The School for Wives Irony

Misidentified characters

Multiple times in the novel, people are confused about who the other characters are. Horace falls in love with Agnès and accidentally confesses it to the very last person he should—Arnolphe himself. When Horace gets a chance to figure it out from Agnès herself, she just calls him by another name, so still, he never quite figures out which guy is the bad guy after all. Then Arnolphe realizes that Enrique is Agnès's father, but at first, he thinks his daughter is some other person and he thinks his schemes are going to actually work. Then he realizes his faux pas.

The irony of Arnolphe

First of all, Arnolphe has the ironic quality for fearing the very thing he wants most, a woman's attention. Then, he becomes more ironic by acting in such an obviously villainous manner to get a virgin with a perfectly pure mind. He obviously doesn't know much about people.

The irony of the title

There's a sense in which the intention of the play is misstated by the title, The School for Wives, because one assumes the title means the convent being a school for Arnolphe's wife, but actually Arnolphe is the school for Horace's wife.
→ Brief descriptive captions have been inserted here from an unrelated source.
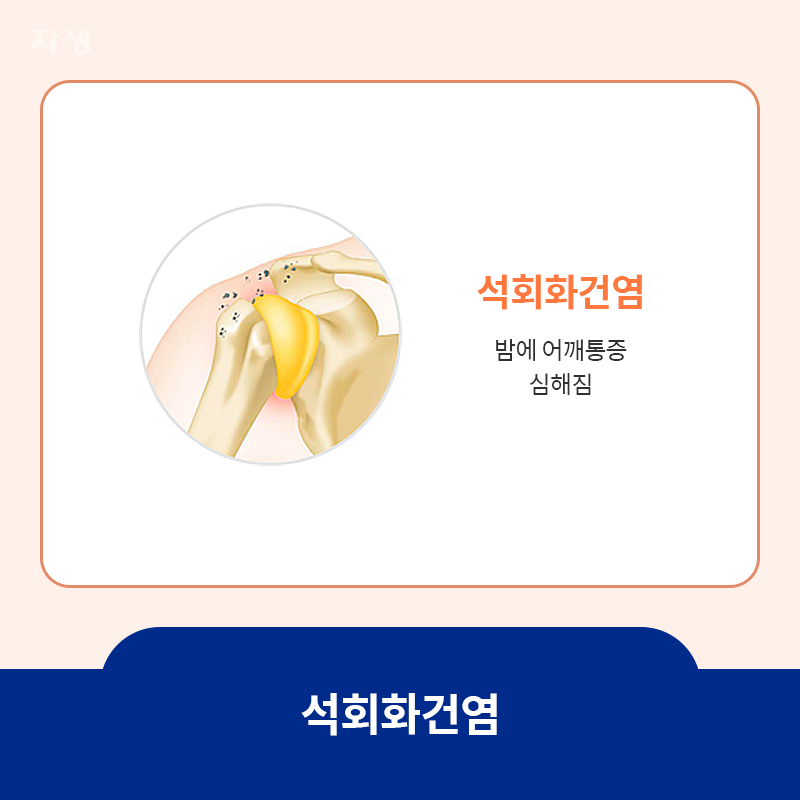 석회화건염 위치 표시 이미지로 석회화건염은 밤에 어깨통증이 심해짐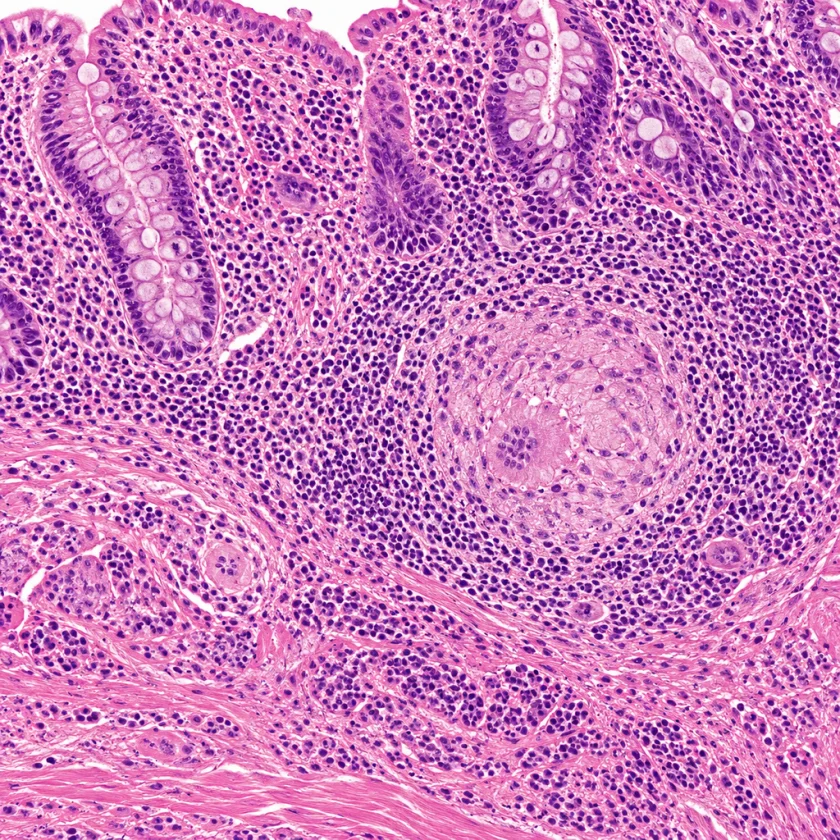 Crohn's disease inflammation in the bowel wall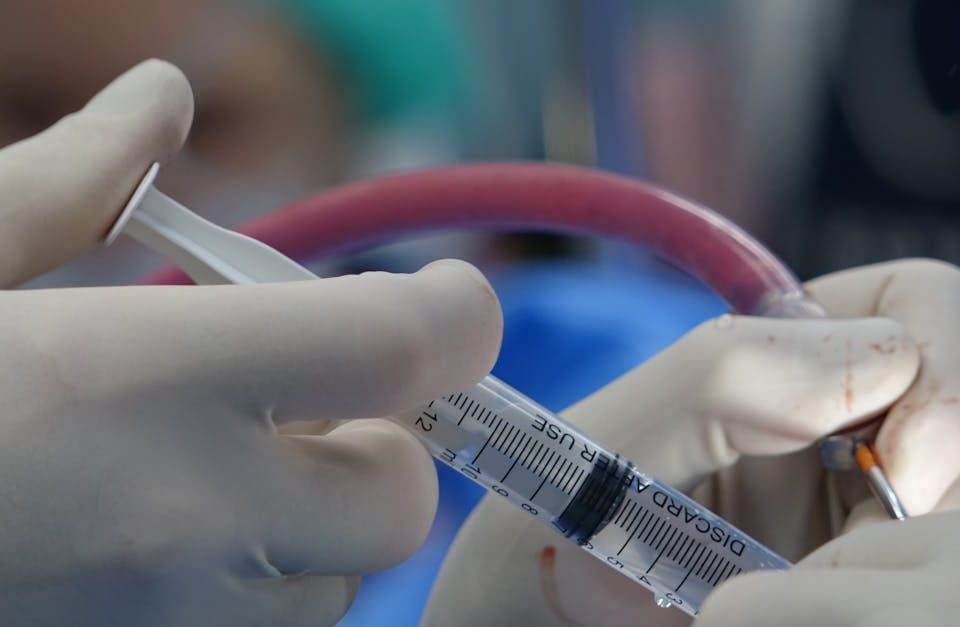 découvrez tout sur la sténose foraminale, une condition qui provoque des douleurs et des engourdissements. apprenez-en plus sur ses causes, ses symptômes et les options de traitement disponibles pour améliorer votre qualité de vie.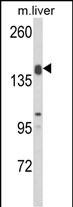 Western blot analysis of ADAMTS18 Antibody (C-term) (Cat. #AP8906b) in mouse liver tissue lysates (35ug/lane). ADAMTS18 (arrow) was detected using the purified Pab.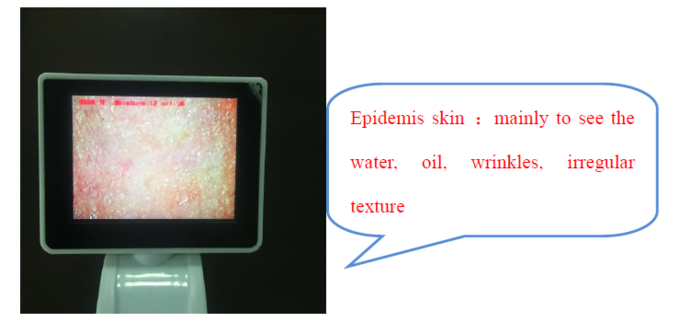 डॉक्टर के लिए CE BS5SH डिजिटल त्वचा विश्लेषक डिजिटल त्वचा नमी मीटर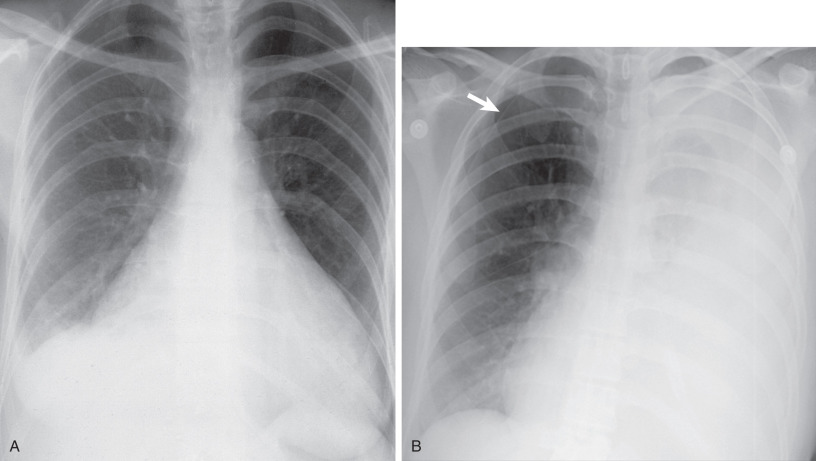 Fig. 35.2, Chylous pleural and pericardial effusions in lymphangioleiomyomatosis. (A) Posteroanterior chest radiograph shows an enlarged cardiac silhouette shown to represent a chylous pericardial effusion. Note a moderate right pleural effusion. Several small cysts were identified on an accompanying high-resolution CT scan (not shown). (B) Posteroanterior chest radiograph from a different patient shows a large left pleural effusion and a contralateral right apical pneumothorax (arrow). The left pleural effusion was chylous on diagnostic and therapeutic thoracentesis.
Arnolphe is left humiliated and alone, unmarried.

The silly hero

One lovely aspect of this story is that Horace never realizes how much danger he's in, because he's completely unfazed by Arnolphe's foolish and ineffective plans. Actually, Horace isn't really the brightest kid in the whole world, but he still manages to do as a young guy what Arnolphe couldn't do in his whole life—have fun with a girl. That's all it takes for this young hero to succeed, that he views his crush as a person and a friend, instead of as an object, and for that alone, he's a hero. He's a silly guy, but he's a good one.

The judging father

Well, if there's one thing that Arnolphe wasn't expecting, it was that all his efforts were for nothing. Just at the crucial moment, there is a Deus Ex Machina, a divine judge who enters the story for salvation of the victim and for judgment against Arnolphe. It's ironic that such a man was Agnès's father all along. It's more ironic that Arnolphe never figures that out in the many years he knew Agnès. He'd never even met her father—that's how far away from real courtship he is.